_PROVIDED RECORDS_
Content starts

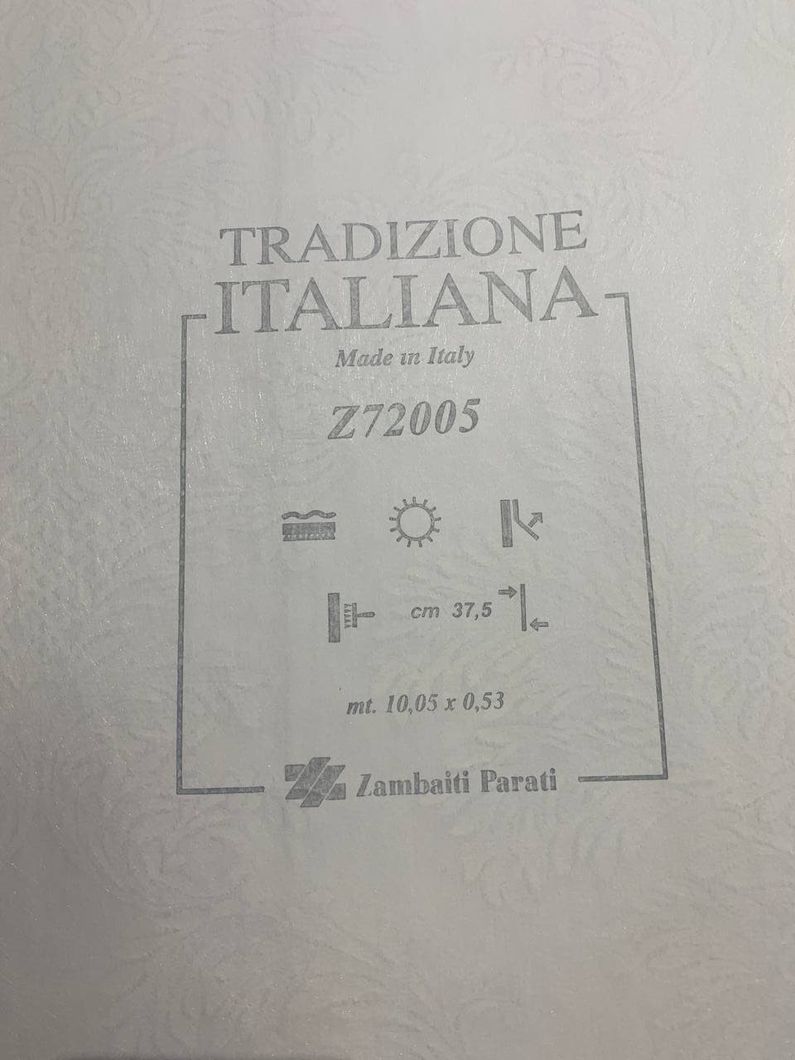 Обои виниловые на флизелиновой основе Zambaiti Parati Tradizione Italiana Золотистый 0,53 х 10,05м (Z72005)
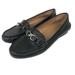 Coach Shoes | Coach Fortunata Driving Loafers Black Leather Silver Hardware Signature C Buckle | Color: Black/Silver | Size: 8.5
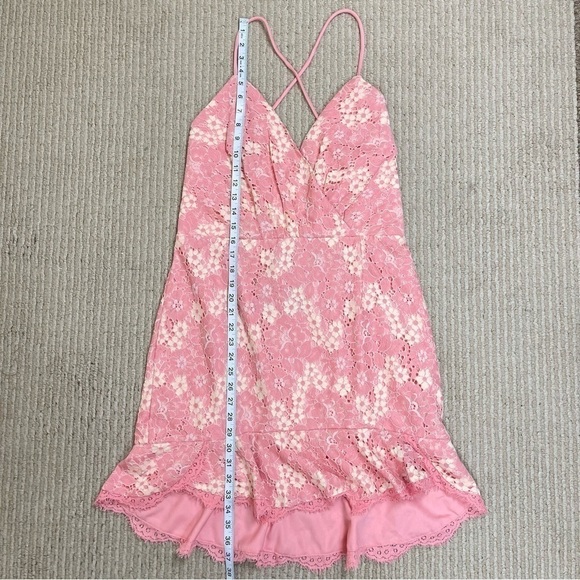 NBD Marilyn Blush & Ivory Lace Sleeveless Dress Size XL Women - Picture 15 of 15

Content ends
Content starts

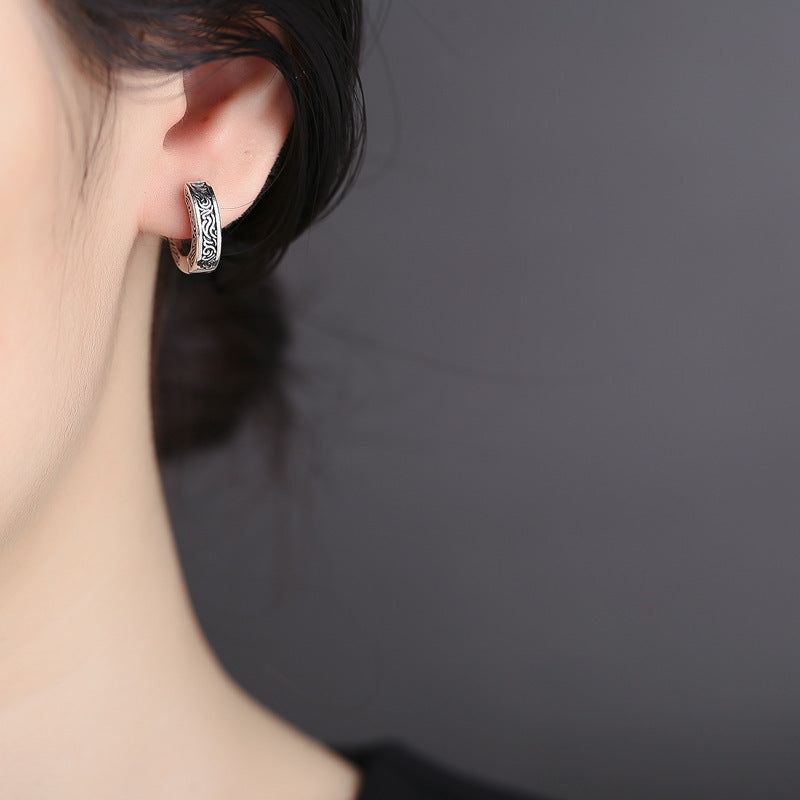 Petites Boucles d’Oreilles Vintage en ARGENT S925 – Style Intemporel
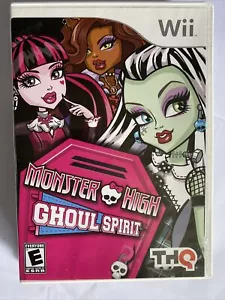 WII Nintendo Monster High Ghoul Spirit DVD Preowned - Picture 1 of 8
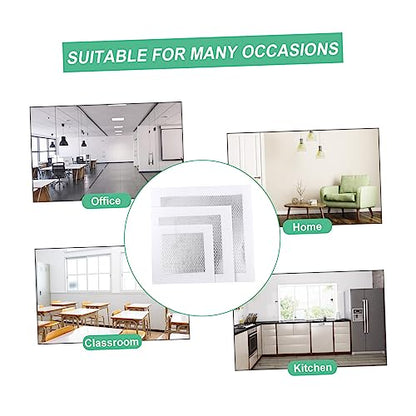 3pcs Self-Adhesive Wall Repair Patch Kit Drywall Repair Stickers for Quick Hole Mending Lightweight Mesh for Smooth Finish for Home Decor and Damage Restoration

Content ends
Content starts

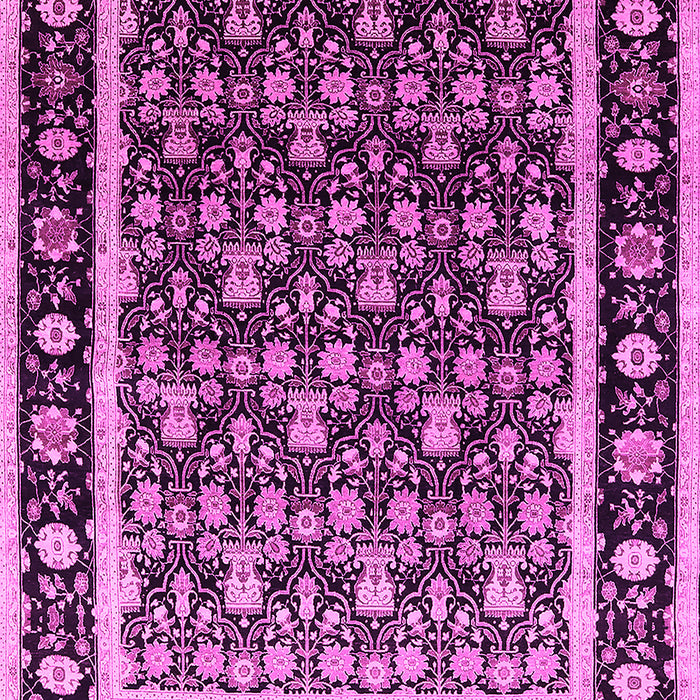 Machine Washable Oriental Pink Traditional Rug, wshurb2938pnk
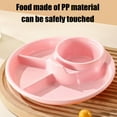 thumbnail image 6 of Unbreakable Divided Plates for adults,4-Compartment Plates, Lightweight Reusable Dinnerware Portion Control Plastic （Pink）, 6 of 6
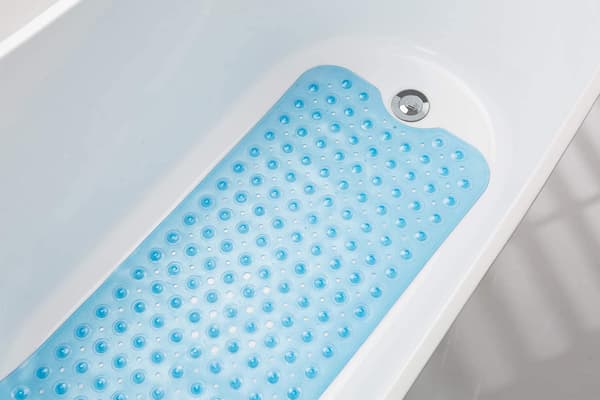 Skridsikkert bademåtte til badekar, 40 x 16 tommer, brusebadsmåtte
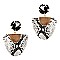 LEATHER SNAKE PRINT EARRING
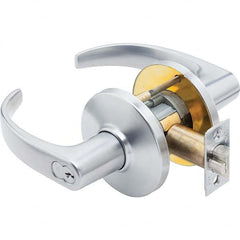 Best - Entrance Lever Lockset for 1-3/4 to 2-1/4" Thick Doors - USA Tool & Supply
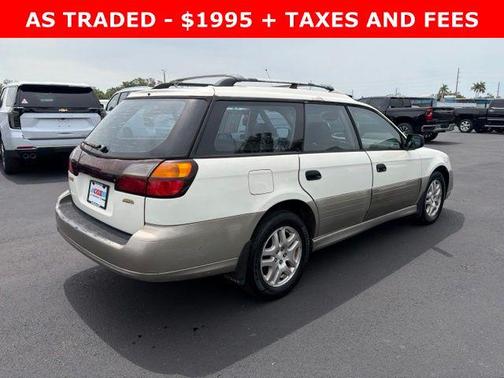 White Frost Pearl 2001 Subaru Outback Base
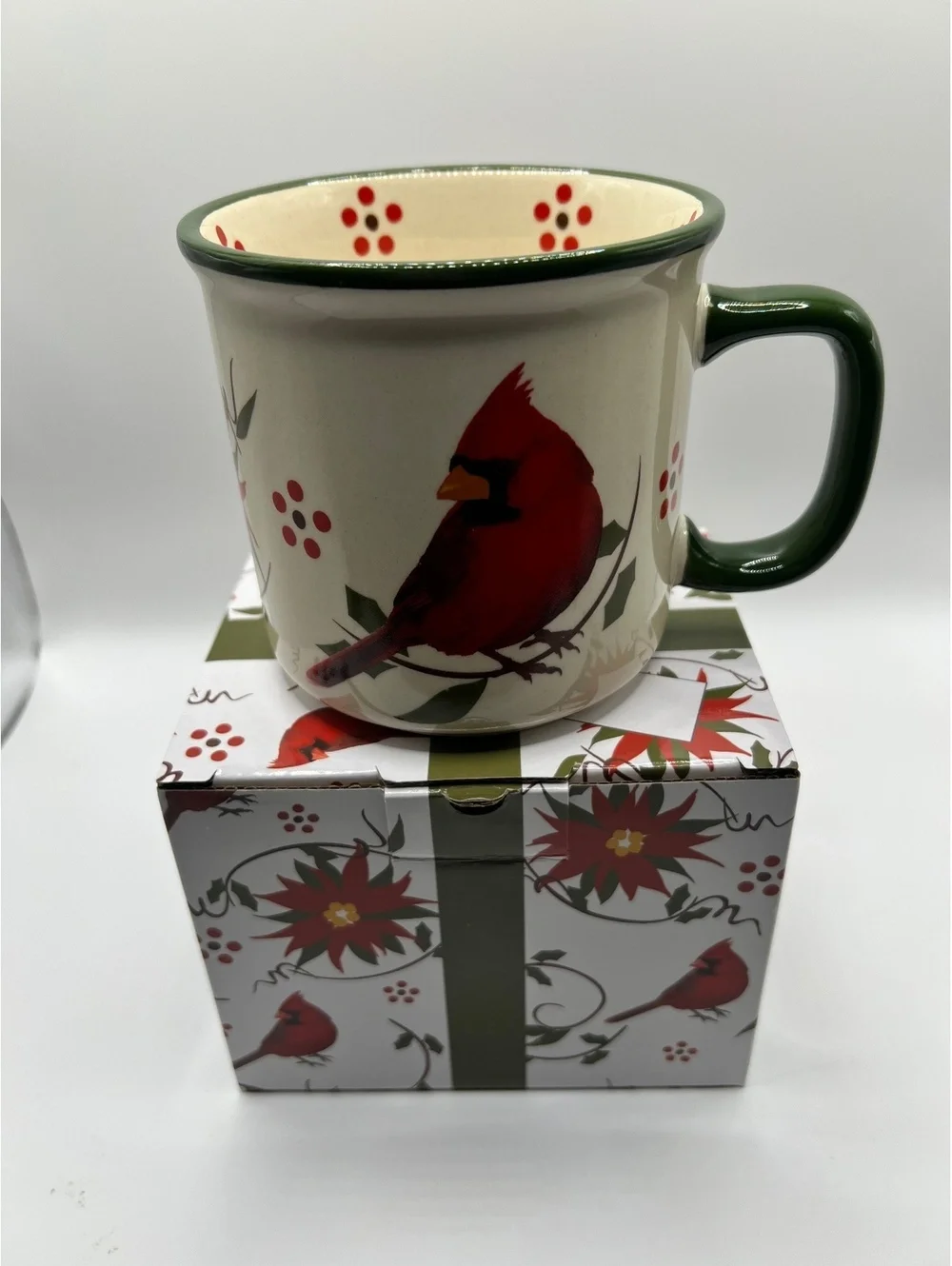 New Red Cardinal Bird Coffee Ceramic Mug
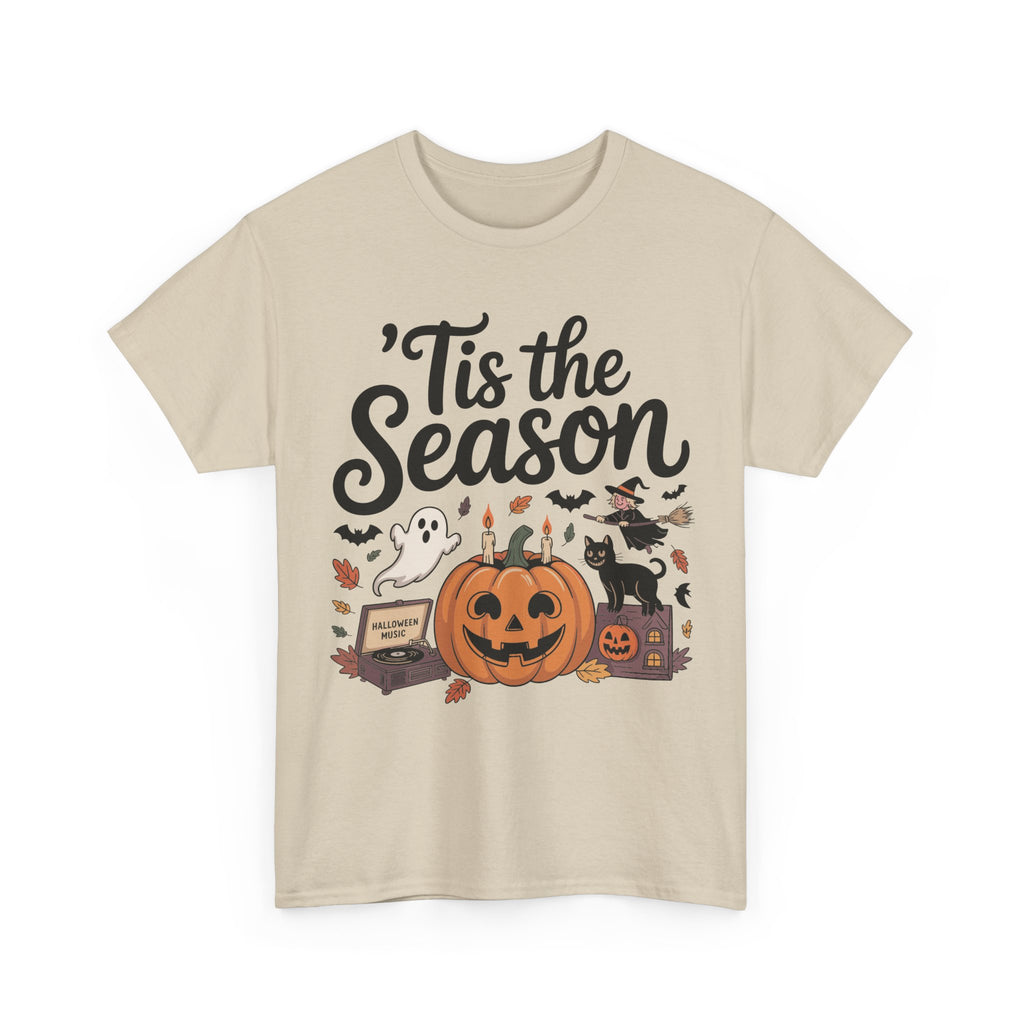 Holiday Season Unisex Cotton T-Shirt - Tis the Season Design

Content ends

_ABOUT THIS EXERCISE_
All pictures are to be skipped. Output, word for word, the lines in the data above starting at the line containing "Обои виниловые на" and ending at the line containing "NBD Marilyn Blush".

_ANSWER SECTION_
 Обои виниловые на флизелиновой основе Zambaiti Parati Tradizione Italiana Золотистый 0,53 х 10,05м (Z72005)
 Coach Shoes | Coach Fortunata Driving Loafers Black Leather Silver Hardware Signature C Buckle | Color: Black/Silver | Size: 8.5
 NBD Marilyn Blush & Ivory Lace Sleeveless Dress Size XL Women - Picture 15 of 15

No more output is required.